The berimbau is held vertically in the left hand by placing the little finger under the string that attaches the gourd to the bow. The fourth and middle fingers wrap around the bow while the coin (or washer or flat stone) is held horizontally by the index finger and the thumb. The caxixí (the little basket shaker) is inserted around the middle and fourth fingers of the right hand, while the beater is held by the thumb, index, and middle fingers. The open side of the gourd is held against your abdomen, but it does not remain there permanently! You need to be able to hold the berimbau entirely in your left hand because you must play it against, as well as away from the body. You see, it's the opening and closing of the gourd's open side against our stomach that makes the natural acoustic "wa-wa" effect, which is the beautiful sound so characteristic of a well played berimbau.
The right hand travels in a 45 degree angle, striking the wire below the coin's point of contact to extract the low tone. For attaining the higher notes, the beater strikes the wire above the coin. There is also a high, raspy snare-drum-like sound produced by striking the wire while holding the coin lightly in contact with it. And every time the right hand moves in on the wire, the caxixí makes its crisp, "dry-maraca" sound.
These are the traditional sounds associated with the berimbau. In a future article, we will go over some new and avant-garde sounds and rhythms which the berimbau is capable of producing. The possibilities for this instrument are truly vast, so much so, that I've come to respect it as being one of mankind's oldest "acoustic synthesizers"!

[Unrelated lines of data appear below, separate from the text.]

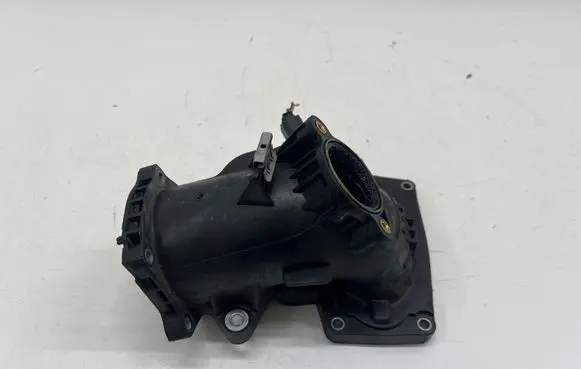 Mercedes-Benz SLC R172 Air intake duct part A6510900728 A0101537228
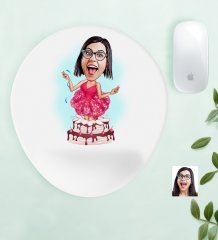 Kişiye Özel Bayan Doğum Günü Karikatürlü Bilek Destekli Mouse Pad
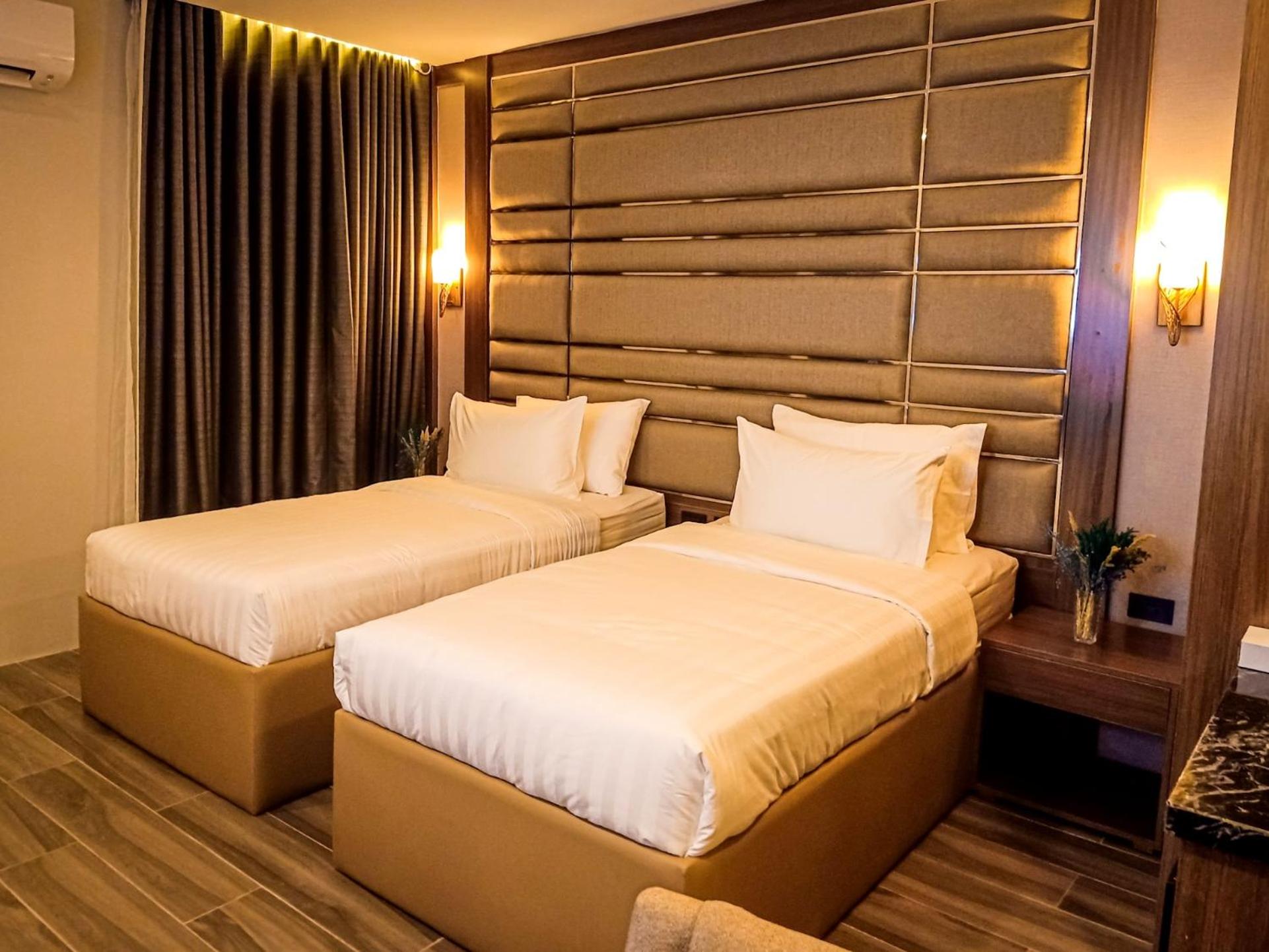 Deluxe Twin Room - Photo 2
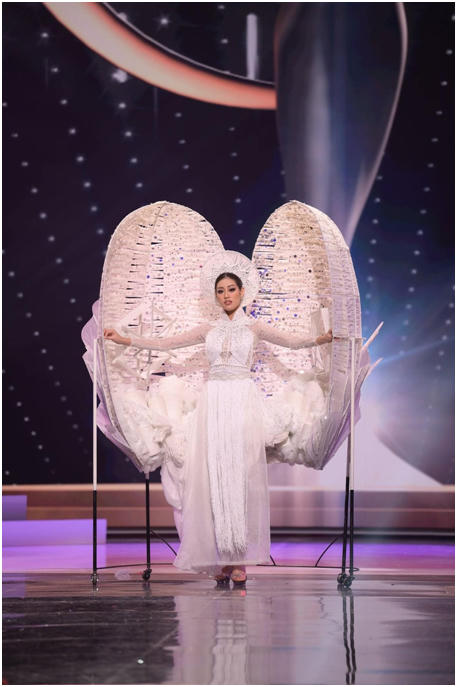 Phần trình diễn trang phục dân tộc của Hoa hậu Nguyễn Trần Khánh Vân tại Miss Universe 2021.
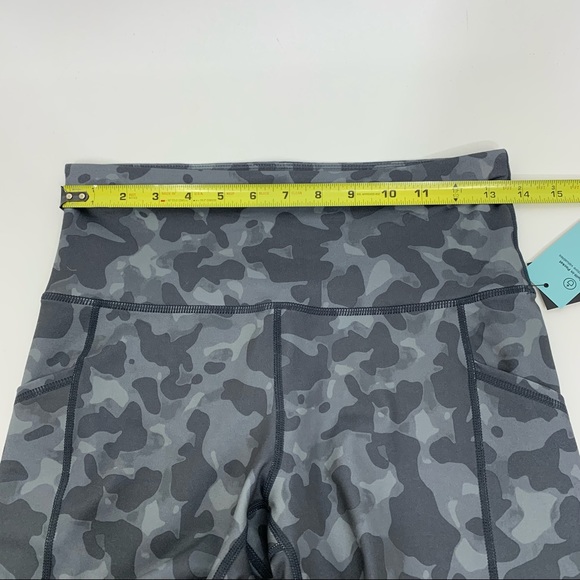 Ideology Camo Print Athletic Bike Shorts In Stadium Gray Nwt Size Small - Picture 12 of 14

But.......back to the traditional execution of the berimbau.....the most common and most often played rhythm is the one by the name of "São Bento Pequeno". It's the rhythm that everybody learns to play first and, because it's done at a moderate to medium-lively tempo, it really swings once you get the various "wa-wa" effects happening! There are, at the most, three berimbaus going at one time and they are usually tuned at low, med , and high pitches. The one tuned low tends to "hold the bottom" or maintain the basic rhythm going while the other players improvise a little according to the heat of the battle going on right in front of them.
To obtain the so-called "wa-wa" effect (you know, like the guitar "Wa-Wa Pedal"!) the berimbau must always be touching your belly immediately preceeding a strike on the wire. The motion is gradual but large, in that, as soon as you strike the wire with your beater, you must move the berimbau's gourd away from your body, until you obtain the entire full, rich tone from the gourd. This should be done for the low and high notes.
The next most popular rhythm is called "Angola". This rhythm is played very slow, while the guys dueling in front do so in slow motion, each one trying to out-do the other in feats of agility and strength. Again, the low pitched berimbau pretty much "holds the fort" while the other performers play along, stepping outside of the pattern to improvise according to the movements of the capoeristas in the circle.
"Cavalaria" is the rhythm that is usually learned next. This rhythm is used exclusively to break up the function on account of the police arriving on the scene. As soon as someone plays this rhythm, everybody knows that it's time to scatter! This rhythm uses only the low note and the metallic rasp. Every time the low note is played, the note is "opened" by moving the gourd away from the body. The rasp note is produced at precisely the end of this outward trajectory, at the exact moment the berimbau begins to return back to the belly.
Each of these rhythms should be practiced over and over, many times! Your left hand must be able to grip the instrument firmly, for long periods of time, so you must work on strengthening your left hand and fingers. It takes, on the average, two to three months to get to a point where you can actually hold the berimbau with any sense of control. Up until this point, please practice far from glass shelves and crystal chandeliers!